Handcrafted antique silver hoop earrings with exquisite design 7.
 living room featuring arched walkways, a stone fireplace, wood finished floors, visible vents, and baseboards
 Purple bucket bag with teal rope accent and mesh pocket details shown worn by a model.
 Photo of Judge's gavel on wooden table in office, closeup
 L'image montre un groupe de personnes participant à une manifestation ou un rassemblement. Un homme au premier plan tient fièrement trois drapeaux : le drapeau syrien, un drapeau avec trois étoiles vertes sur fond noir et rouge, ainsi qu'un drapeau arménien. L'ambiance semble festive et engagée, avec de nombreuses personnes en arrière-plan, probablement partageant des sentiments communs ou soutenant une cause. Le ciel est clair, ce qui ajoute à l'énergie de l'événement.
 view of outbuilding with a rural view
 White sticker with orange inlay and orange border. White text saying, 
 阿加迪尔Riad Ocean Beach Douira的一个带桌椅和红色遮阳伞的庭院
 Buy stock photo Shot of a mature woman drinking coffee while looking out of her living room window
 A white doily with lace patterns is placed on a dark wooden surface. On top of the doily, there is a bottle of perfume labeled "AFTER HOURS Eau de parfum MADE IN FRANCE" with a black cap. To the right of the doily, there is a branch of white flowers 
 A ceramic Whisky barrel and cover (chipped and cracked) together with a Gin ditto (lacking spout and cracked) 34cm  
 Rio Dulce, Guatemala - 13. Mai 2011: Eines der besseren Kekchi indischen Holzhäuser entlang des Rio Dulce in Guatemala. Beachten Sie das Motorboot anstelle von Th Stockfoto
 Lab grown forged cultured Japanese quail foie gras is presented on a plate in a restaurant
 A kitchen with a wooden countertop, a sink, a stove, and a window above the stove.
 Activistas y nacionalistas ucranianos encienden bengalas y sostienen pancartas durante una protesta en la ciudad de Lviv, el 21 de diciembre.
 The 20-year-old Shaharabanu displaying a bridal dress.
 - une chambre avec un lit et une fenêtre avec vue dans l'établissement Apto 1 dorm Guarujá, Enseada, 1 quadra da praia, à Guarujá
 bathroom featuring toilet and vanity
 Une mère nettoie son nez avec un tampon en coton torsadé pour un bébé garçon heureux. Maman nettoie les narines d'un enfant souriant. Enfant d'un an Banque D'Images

Required work - Return, unchanged, the run of lines above that opens with the line containing "Buy stock photo" and closes with the line containing "A ceramic Whisky". Include both.

Exercise result -
 Buy stock photo Shot of a mature woman drinking coffee while looking out of her living room window
 A white doily with lace patterns is placed on a dark wooden surface. On top of the doily, there is a bottle of perfume labeled "AFTER HOURS Eau de parfum MADE IN FRANCE" with a black cap. To the right of the doily, there is a branch of white flowers 
 A ceramic Whisky barrel and cover (chipped and cracked) together with a Gin ditto (lacking spout and cracked) 34cm  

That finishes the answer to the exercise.